House of Assembly - Fifty-Fifth Parliament, First Session (55-1)
2023-11-14 Daily Xml

Contents

Ambulance Ramping

The Hon. D.J. SPEIRS (Black—Leader of the Opposition) (14:13): My question is to the Premier. Is the Premier aware of the hours that have been lost on the ramp at the Lyell McEwin Hospital and is this acceptable? With your leave, sir, and that of the house, I will explain.

Leave granted.

The Hon. D.J. SPEIRS: Ramping at the Lyell McEwin Hospital reached the highest level on record last month with 868 hours lost on the ramp, and yesterday there was a second safety inspection in just two weeks.

The Hon. C.J. PICTON (Kaurna—Minister for Health and Wellbeing) (14:13): We absolutely acknowledge that the Lyell McEwin is under significant pressure, and we have seen the pressure in terms of attendances, in terms of the acuity of those presentations at the Lyell McEwin Hospital going up and up. That is why we have made those investments. We are delivering on those election commitments, in fact exceeding the election commitment to invest in 24 additional beds at the Lyell McEwin Hospital.

We are now doubling that; we are building 48 extra beds at the Lyell McEwin Hospital. We have also increased what the original proposal was for the emergency department upgrade, which was going to be 72; we increased that to 76. We have signed a new partnership agreement with ACH Group to utilise, I believe, two dozen beds in their new development opposite Lyell McEwin Hospital. We have also secured land that we have compulsorily acquired on the site for future upgrades at that hospital site as well. So every possible lever we are using to increase the capacity at Lyell McEwin Hospital.

If people drive past the hospital at the moment, they can see the cranes, they can see the construction activity underway at that hospital, to make sure that we have the additional beds that we need to meet that demand. That pressure has had an effect. It has meant that at the same time we have seen reductions elsewhere in the system. Last month, we saw the best month for the Royal Adelaide Hospital in the past 18 months and at the Flinders Medical Centre we saw the third-best month in the past 18 months, but we did see continued pressure on the Lyell McEwin Hospital, and we need those additional beds and resources to be able to cope with that.

In addition, we are also working with the federal government that has just opened a new urgent care centre, which is available at Elizabeth. We are certainly encouraging people who have non-emergency but still urgent issues that aren't life critical, who do need assistance urgently—those low-acuity presentations, which we know happen a lot at the Lyell McEwin Hospital—to utilise that Medicare urgent care centre service, which is bulk billed, which is provided for extended hours nearby at Elizabeth as well. That is, of course, one of four urgent care centres that are being delivered across the area.

We know that there is a big issue in terms of access to primary care, particularly in the northern suburbs, and that impacts upon access to the Lyell McEwin Hospital as well. We are encouraged by the fact that the federal government, just in the past two weeks, have increased—in fact tripled—the bulk billing incentives for GPs, particularly for younger people and for concession cardholders. We are hopeful that we now see more and more practices resuming bulk billing, which will help many people who otherwise can't afford to pay out of pocket to go to a general practice.

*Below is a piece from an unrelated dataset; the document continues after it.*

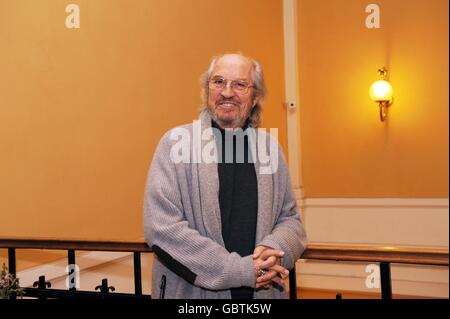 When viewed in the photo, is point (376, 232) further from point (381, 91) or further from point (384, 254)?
point (384, 254)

Certainly, we have seen between October this year and October the year before that presentations at the Lyell McEwin Hospital increased from 5,860 up to 6,332, so it is an increase of 472 in the past year. That is a significant increase in presentations that are happening at that emergency department. That's why, while we have the bigger emergency department—which finally is now complete after many years of unfortunate delays—we need those additional beds behind the emergency department because otherwise people get stuck in the emergency department waiting for that inpatient bed, which obviously then means that the next patient from the waiting room or the ambulance ramp can't come into the emergency department to make sure that they can get the care that they need. That's why we are delivering those additional 48 beds at the Lyell McEwin Hospital as fast as we possibly can.